Yep, still waiting for cast to TV for Quibi.
Meanwhile, Quibi is still struggling to gain good press, while some of us that actually care can have a functional way to watch the content on the service. What’s taking their engineers so freaking long? It’s not like they’re climbing the Mount Everest of tech by hacking the cast TV blocking code inside Quibi’s innards.
Sigh. I hate it when IT departments drag their heels. But maybe it isn’t their fault, perhaps it’s somebody in management saying, “take your time on this, we want to see the way it is designed work”?
Whatever the reality, it’s not working.
And then there are problems that Quibi has which every big company with a weird name have: those that use that name without permission. Trademark infringement.
This is a rocky slope for companies: do we go after fans and insist they only use our silly, hard to spell name (Quiby, Quibee, Quibe, what is it?!) in a way that doesn’t confuse others thinking this is an “official” podcast? The legal world is pretty clear about precedents and if you do nothing then your legal claims weaken, but launch time is not the best time to threaten people that like what you’re doing and want to promote it for free.
“We’ve gotten messages from celebrities because they want to talk shit about Quibi,” Gibson said. “Everyone wants to shit on Quibi, but we’re the only ones who can do it because we don’t care about selling a show to them. Truly, the reason celebrities don’t want to be revealed is they still think, like, ‘Maybe I can sell a show to Quibi and make a little money off a sinking ship before the well runs dry.’”

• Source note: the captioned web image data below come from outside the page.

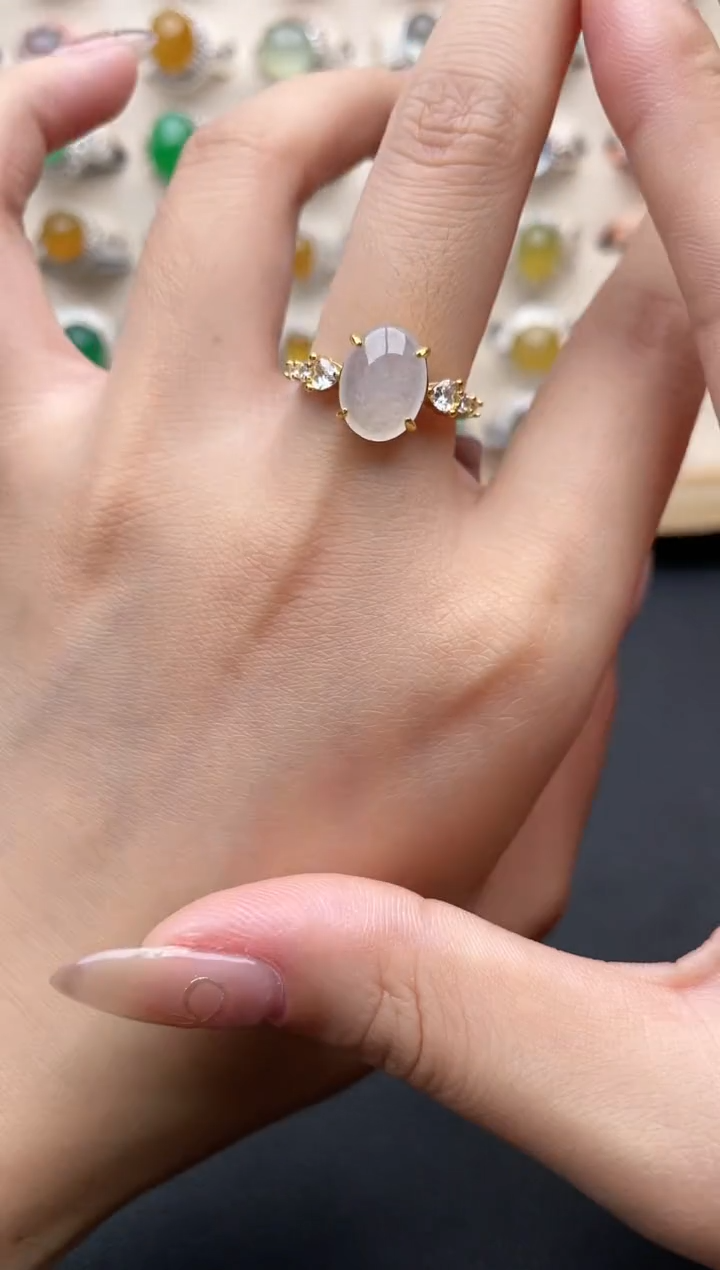 【闪购商品】翡翠戒指银S925镶嵌一物一证一礼盒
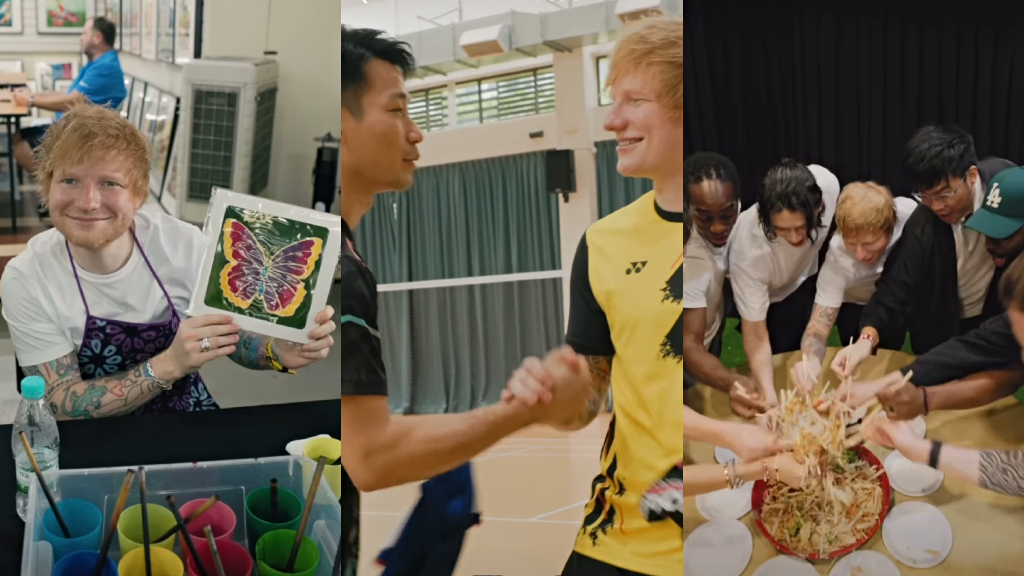 watch:-ed-sheeran-plays-with-badminton-star,-experiences-yee-sang-in-malaysia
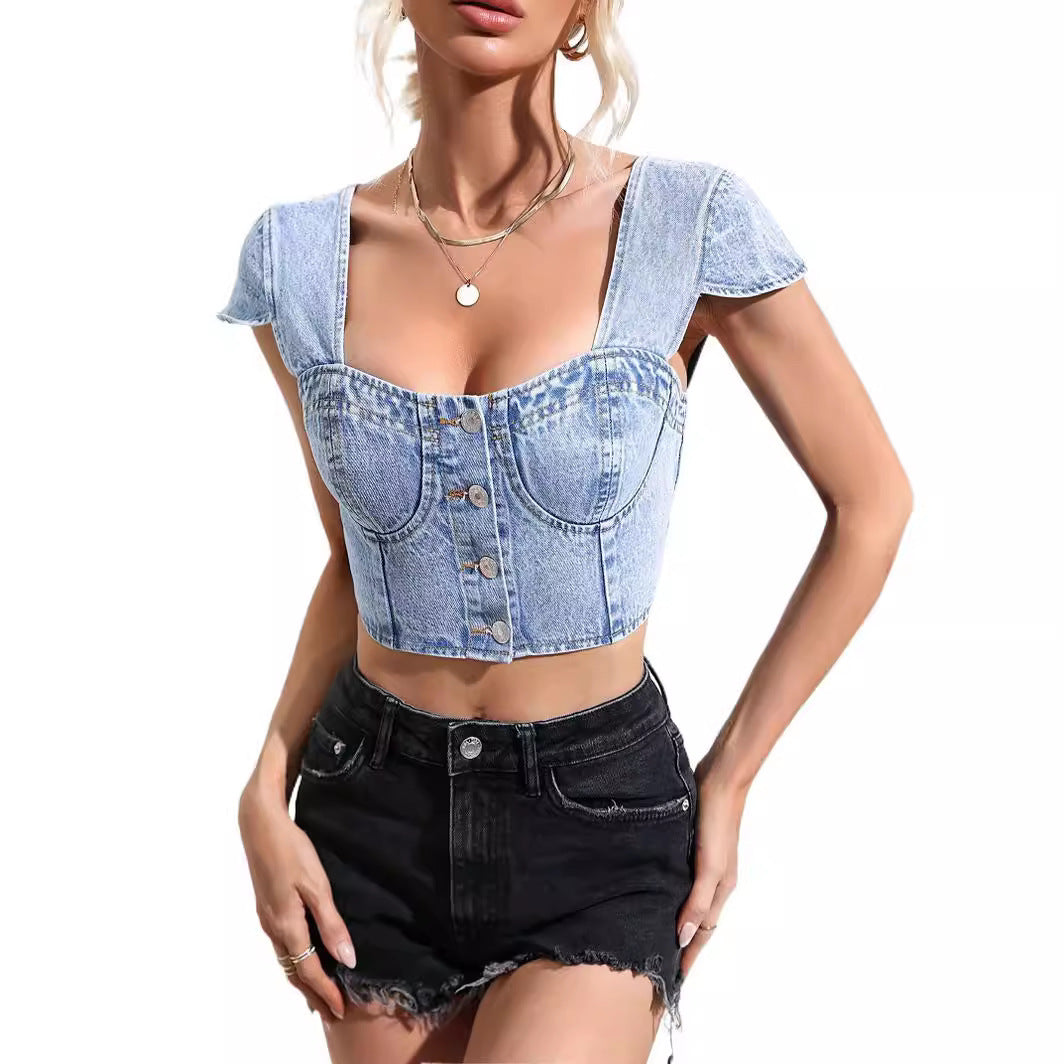 Slim Fit Denim Small Top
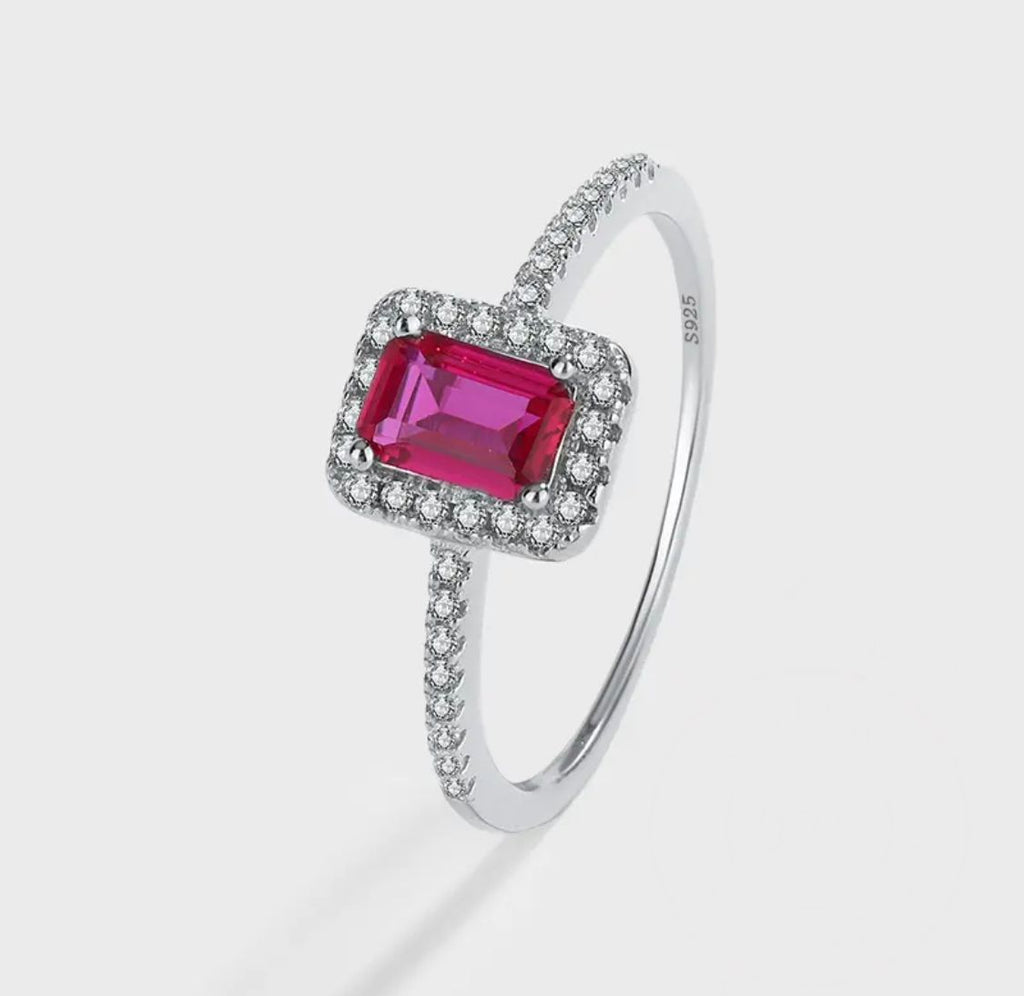 ANILLO PLATA PIEDRA ROJA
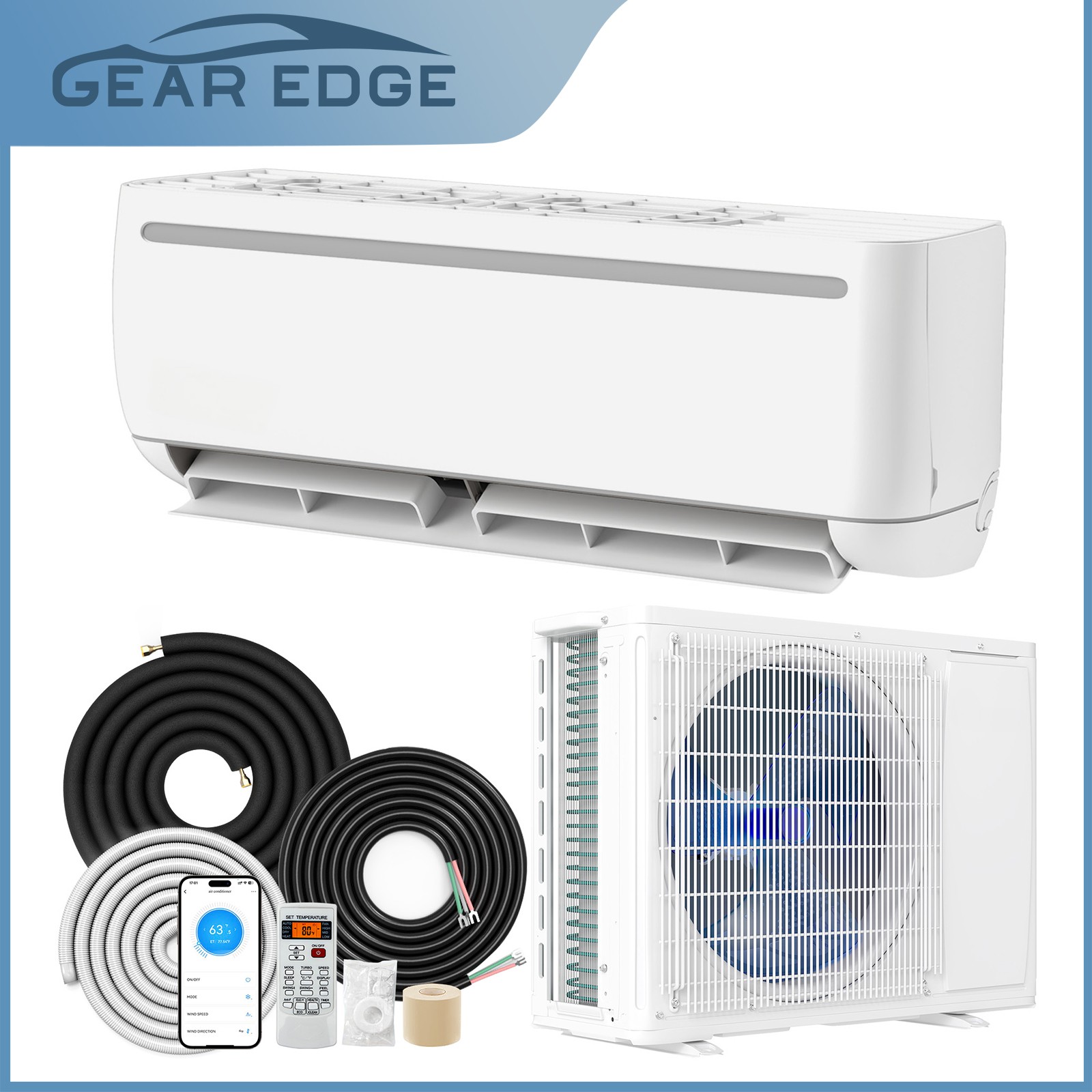 9000 BTU Mini Split AC Perfect for 450 Sq. Ft.Heat 19 SEER2 110V Air Conditioner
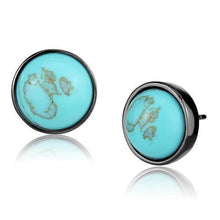 Load image into Gallery viewer, TK2819 - IP Light Black  (IP Gun) Stainless Steel Earrings with Synthetic Turquoise in Sea Blue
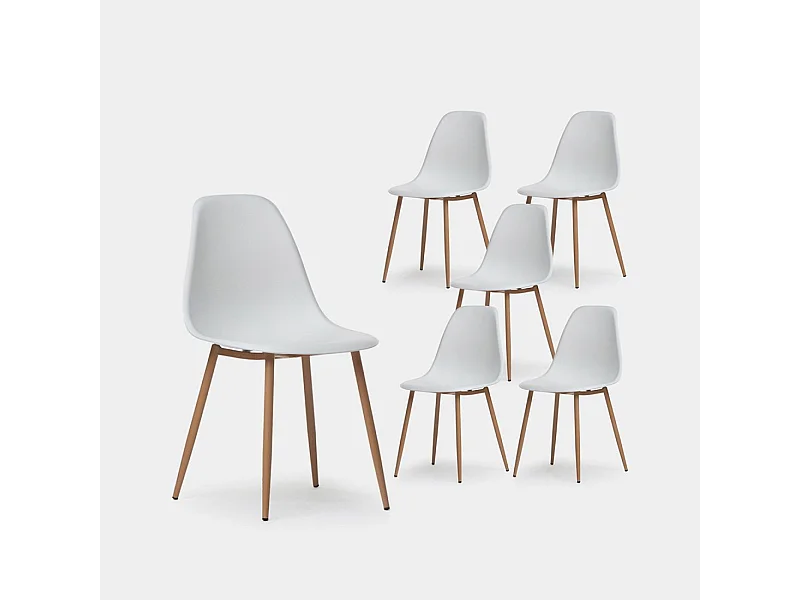 Packs 6 sillas Blanco 45 x 80 cm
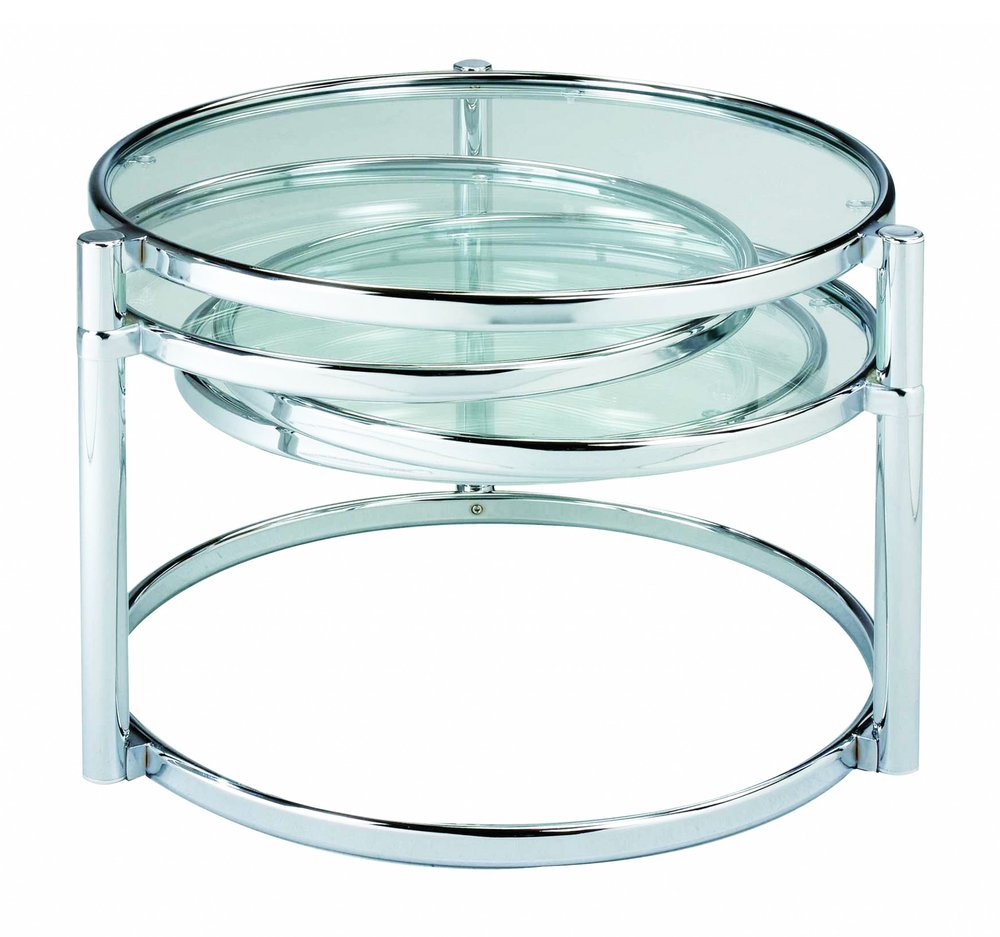 60" Clear And Silver Glass And Steel Round Nested Coffee Tables With Three Shelves HomeRoots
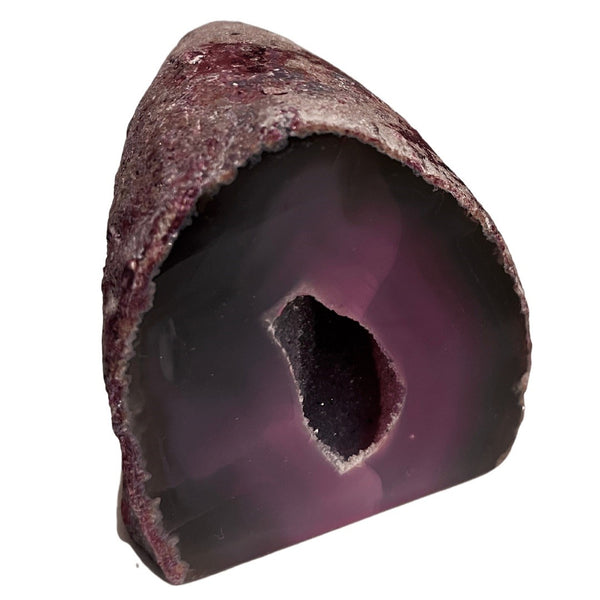 Pink Arch Agate Druzy Geode Crystal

Quibi Sent These Podcasters A Cease-And-Desist, So Now They’re Out For Blood | HuffPost
Quibi isn’t technically or legally wrong in what they did to these podcasters. Frankly, using their name without permission is a bit obvious as being problematic, but the internet has a thieving side to it, sadly. We live in a cyberworld where asking for permission after the fact is more the norm than accepted practice.
Then there’s Bill Maher out there doing what he does best: skewering stupidity.
“You don’t have to tell me what Quibi is. I was sort of interested for a second but it passed,” said [Maher] of the short-form video service created by Jeffrey Katzenberg. “Let me guess, some assholes with MBAs raised a lot of money for an app that wastes teenagers’ time. My second guess just going by the name – a tiny country in the Middle East that lends money to Jared.”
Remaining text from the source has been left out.